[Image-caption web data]
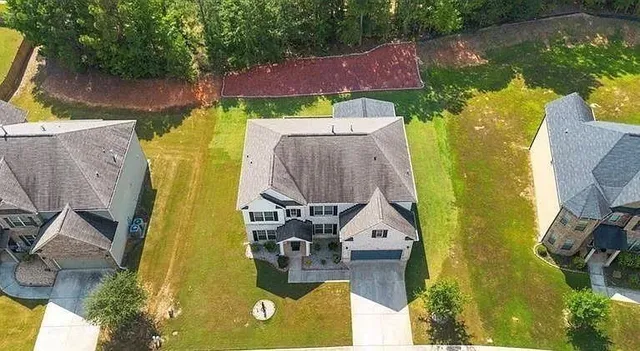 a view of a tennis court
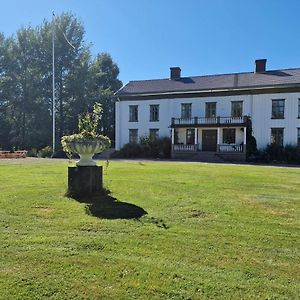 Alstrums Gard Bed and Breakfast Killstad Exterior photo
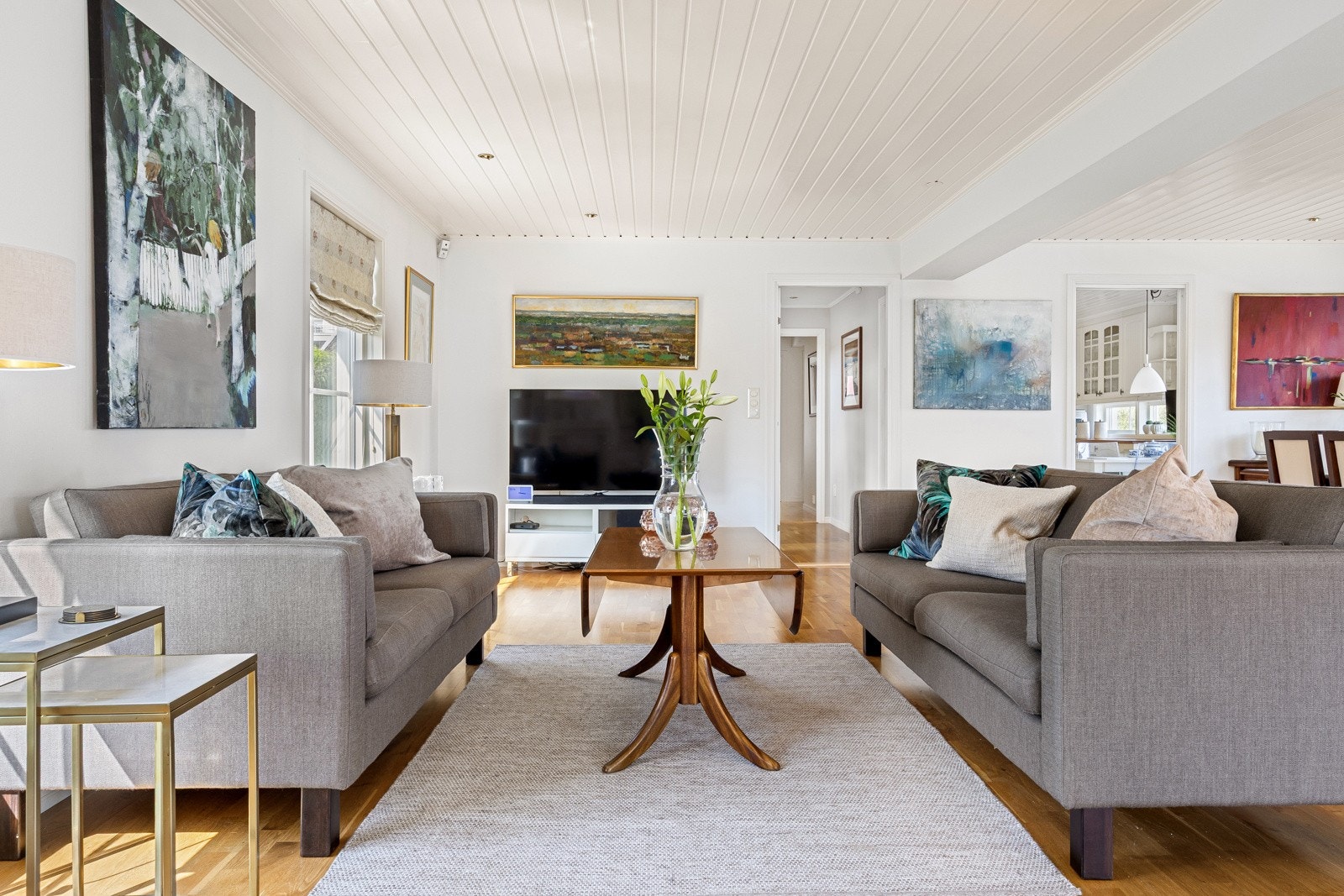 Stuen har god plass til tv-lounge, spisestue og en kosekrok mot vinduene. Galleribilde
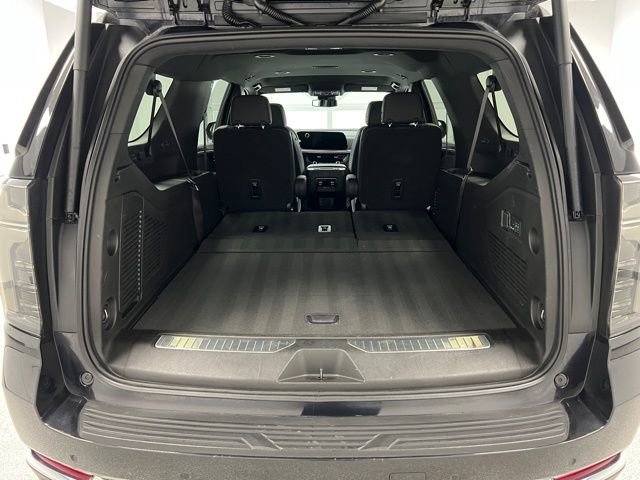 Used 2025 Chevrolet Suburban Premier image 48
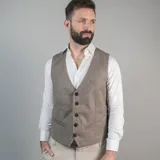 Chaleco de vestir marrón claro con textura de espiga, cuello en V, cierre frontal con botones y bolsillos ribeteados.
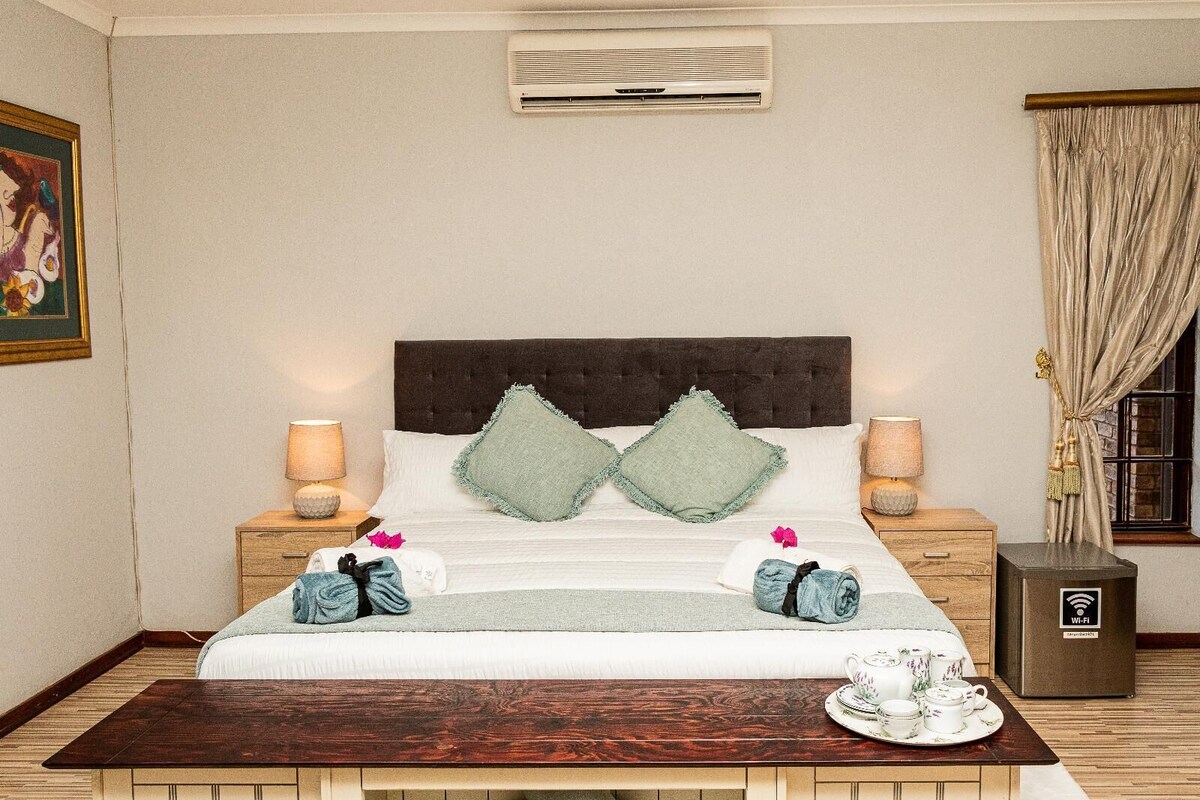 Premier Studio Suite, Garden View | Soundproofing, iron/ironing board, WiFi (free)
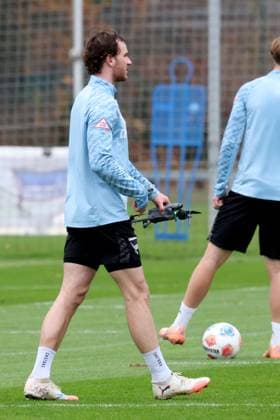 DEU, DFL, 2 FBL Hertha BSC, Training, 17 11 2025, Sportforum, Berlin, DEU, DFL, 2 FBL Hertha BSC, Training, im Bild Pascal Klemens Hertha BSC Berlin 41 , abgestuerzte Drohne DFL regulations prohibit any use of Photographs as image sequences and or quasi video nordphotoxGmbHx xEngler nph00076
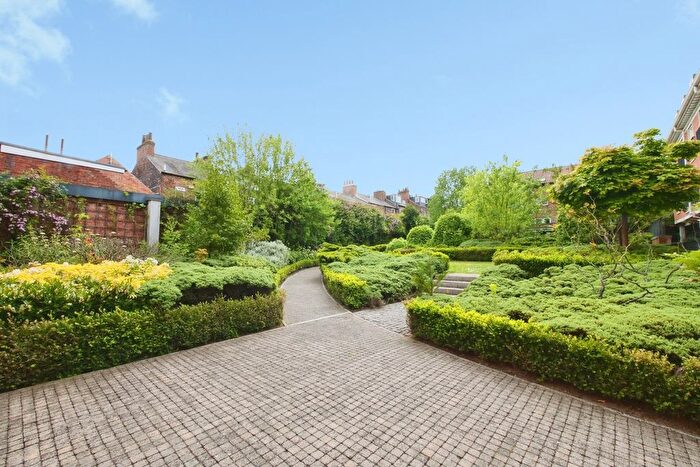 1 Bedroom Flat For Sale In Skeldergate, York, North Yorkshire, YO1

What you should do: Each record above needs to be transcribed word for word, with its pictures omitted.

Answer area:
 a view of a tennis court
 Alstrums Gard Bed and Breakfast Killstad Exterior photo
 Stuen har god plass til tv-lounge, spisestue og en kosekrok mot vinduene. Galleribilde
 Used 2025 Chevrolet Suburban Premier image 48
 Chaleco de vestir marrón claro con textura de espiga, cuello en V, cierre frontal con botones y bolsillos ribeteados.
 Premier Studio Suite, Garden View | Soundproofing, iron/ironing board, WiFi (free)
 DEU, DFL, 2 FBL Hertha BSC, Training, 17 11 2025, Sportforum, Berlin, DEU, DFL, 2 FBL Hertha BSC, Training, im Bild Pascal Klemens Hertha BSC Berlin 41 , abgestuerzte Drohne DFL regulations prohibit any use of Photographs as image sequences and or quasi video nordphotoxGmbHx xEngler nph00076
 1 Bedroom Flat For Sale In Skeldergate, York, North Yorkshire, YO1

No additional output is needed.